(TRY IT) Please count the lines in the records below that include the word "with" and report only the total.

(Dataset excerpts)

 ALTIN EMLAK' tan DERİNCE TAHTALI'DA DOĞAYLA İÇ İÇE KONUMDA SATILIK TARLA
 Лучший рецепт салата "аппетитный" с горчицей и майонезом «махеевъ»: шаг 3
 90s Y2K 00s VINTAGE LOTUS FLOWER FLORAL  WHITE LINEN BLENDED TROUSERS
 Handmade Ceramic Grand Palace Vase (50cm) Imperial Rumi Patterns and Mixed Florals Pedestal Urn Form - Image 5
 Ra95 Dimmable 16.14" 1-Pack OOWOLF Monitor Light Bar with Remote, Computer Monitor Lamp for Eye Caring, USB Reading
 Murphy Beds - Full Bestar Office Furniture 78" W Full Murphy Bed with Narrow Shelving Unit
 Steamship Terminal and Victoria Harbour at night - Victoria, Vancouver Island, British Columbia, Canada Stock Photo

* * *

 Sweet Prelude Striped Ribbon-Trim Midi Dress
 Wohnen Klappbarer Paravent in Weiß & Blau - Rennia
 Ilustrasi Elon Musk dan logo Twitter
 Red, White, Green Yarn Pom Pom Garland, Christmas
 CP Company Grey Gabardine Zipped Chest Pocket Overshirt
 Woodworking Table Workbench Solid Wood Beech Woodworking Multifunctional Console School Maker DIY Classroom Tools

(EXPECTED OUTPUT) 2